Título: A história se repete
Autor:
Fonte: Jornal do Brasil, 18/02/2005, Opinião, p. A10

Revoltado, como todos os cidadãos de bem deste país, com o brutal e covarde assassinato da freira Dorothy Stang, o presidente da Comissão Pastoral da Terra (CPT), dom Tomás Balduíno, vaticinou: a presença militar no Pará é bem-vinda neste momento, mas não resolve a situação perturbadora dos conflitos fundiários que incomodamente se perpetuam na região. ''As Forças Armadas são um paliativo, um cataplasma na ferida. É preciso ir à raiz do problema, que é o conflito de terra, a ausência do Estado e a falta de infra-estrutura'', afirmou dom Balduíno, comentando a decisão do Planalto de enviar o Exército - com apoio de aviões da FAB - para o Pará. A reclamação é justificável. Primeiro: o governo tem falhado na condução do processo de reforma da estrutura agrária do país. Mais: os órgãos oficiais responsáveis, como Incra e Ibama, não dispõem de condições suficientes para realizar as tarefas que lhes cabem. Não à toa a CPT pediu que o governo cumpra o artigo 51 das Disposições Transitórias da Constituição, que determina a revisão das doações, vendas e concessões de terras públicas no Brasil. Depois do assassinato de Stang, uma autoridade de Brasília afirmou, por exemplo, que o governo fará um levantamento da grilagem em terras do Pará, a fim de retomá-las e dar-lhes uso legal. Engano. É improvável que, com a atual estrutura, tal ação se concretize de fato.
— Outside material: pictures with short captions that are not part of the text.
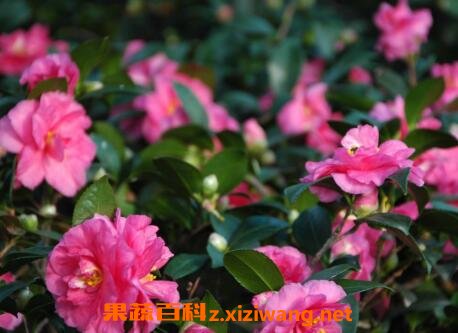 �軨����ֳ������ע������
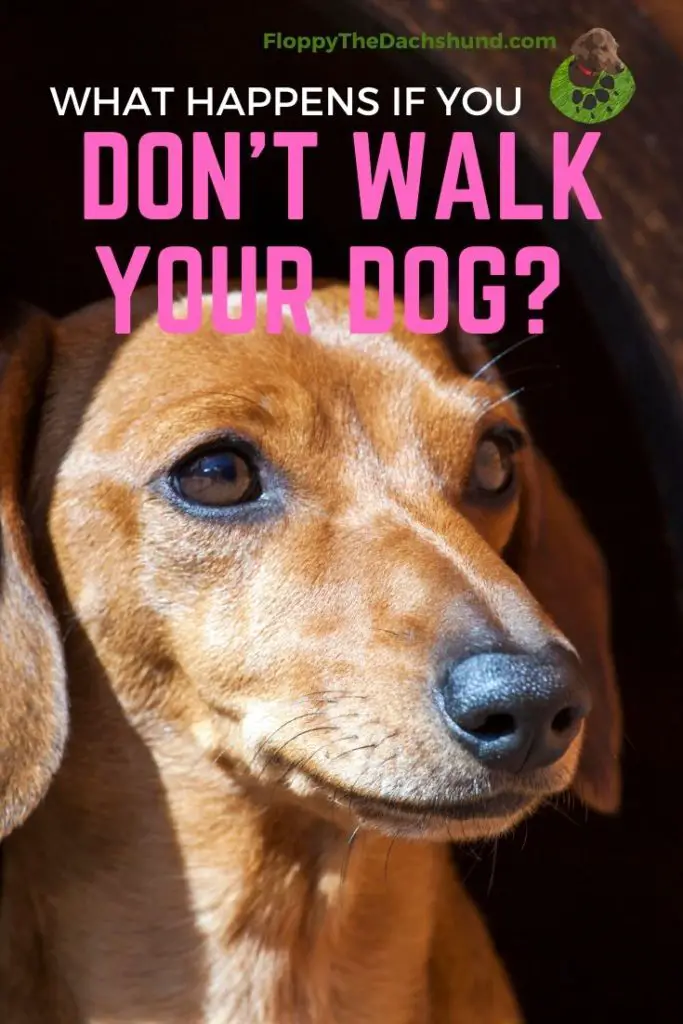 What happens if you dont walk your dog?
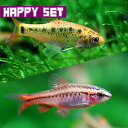 (熱帯魚 生体)【ハッピーセット】チェリーバルブ(約2cm )(3匹) ＋ ゴールデンバルブ(約2-3cm )(3匹)【水槽/熱帯魚/観賞魚/飼育】【生体】【通販/販売】【アクアリウム/あくありうむ】【小型】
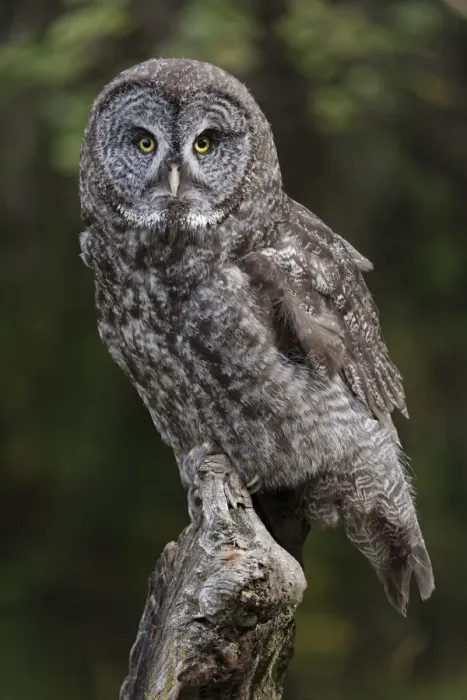 Framed Print : Great grey owl, Montana Framed Print : Great grey owl, Montana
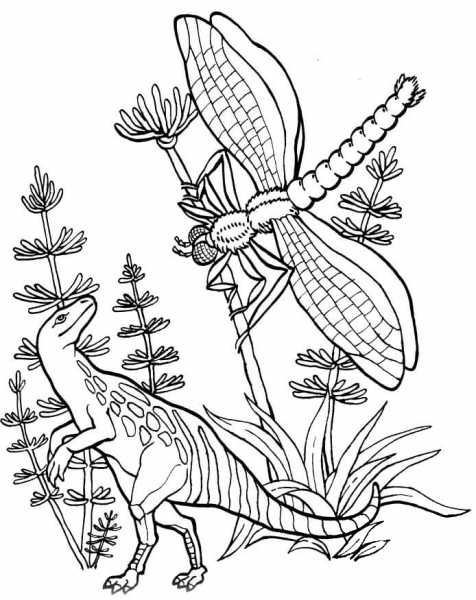 Compsognatus and Meganeura coloring page image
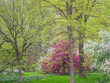 USA, Pennsylvania, Wayne and Chanticleer Gardens springtime blooming crabapple and narcissus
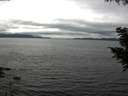 ./images/koeye/fitz-hugh/20200906/fitz-hugh20200906_145001.jpg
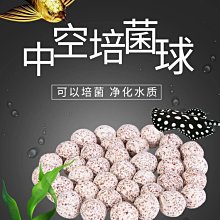 台北►►多彩水族◄◄奈米微孔《 奈米 中空球 》 魚缸 過濾 培菌 硝化菌 厭氧菌 陶瓷環 淨化 水質 上部過濾 圓桶 濾材 歷史價格詳細信息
No Brasil rural - e na Região Amazônica, em especial - a ausência do Estado irriga um campo sem lei onde a violência criminal golpeia implacavelmente a alma nacional. (Uma agressão, sublinhe-se, que não pertence mais somente às regiões agrestes, mas atinge as periferias urbanas.) E o mais grave: a impunidade tornou-se tão comum quanto a violência decorrente da leniência das autoridades, da lentidão da Justiça e da conivência das polícias com criminosos.

Não é demais afirmar: na morte da missionária pacifista, todos erraram: governo federal, governo estadual, Justiça e polícias. Nenhuma autoridade motivou-se a agir, mesmo diante dos sucessivos alertas emitidos pela própria freira, pelo Ministério Público, por sindicalistas e trabalhadores rurais. A inércia e a impunidade se têm repetido ano a ano, assim como os mesmos alertas e as mesmas palavras indignadas proferidos há vários anos diante de episódios semelhantes.

Para usar o exemplo do Pará, tem-se uma lista extensa a citar: aos 19 trabalhadores sem-terra assassinados em abril de 1996, somem-se, por exemplo, o padre Ezechiele Ramiro e o presidente do Sindicato dos Trabalhadores Rurais de Rio Maria, João Canuto (1985); o padre Jósimo (1986); o deputado estadual Paulo Fonteles (1987); o deputado estadual João Carlos Batista (1988); os sindicalistas Brás de Oliveira e Ronan Boaventura (1990); o presidente do Sindicato dos Trabalhadores Rurais de Rio Maria, Expedito de Souza (1991). Desnecessário dizer mais. São inúteis outras referências para saber que muitos desses crimes estão impunes; ou que outras condenações só surgiram 15 anos depois. Em Anapu, três líderes rurais receberam novas ameaças. Espera-se agora que a apuração em curso não só encontre os assassinos, como investigue as autoridades que ignoraram os alertas.

Em 1988, foi a pressão internacional, combinada com a presença firme do então oposicionista Luiz Inácio Lula da Silva, que ajudou a apressar o julgamento dos assassinos do líder seringueiro Chico Mendes - um dos mais rápidos da Justiça brasileira. Dorothy morreu da mesma realidade. Lula agiu rápido, mas errou ao não comparecer ao enterro da irmã. Com tal gesto, pelo menos demonstraria simbolicamente que algo pode mudar no reino da anarquia fundiária e ecológica da Amazônia.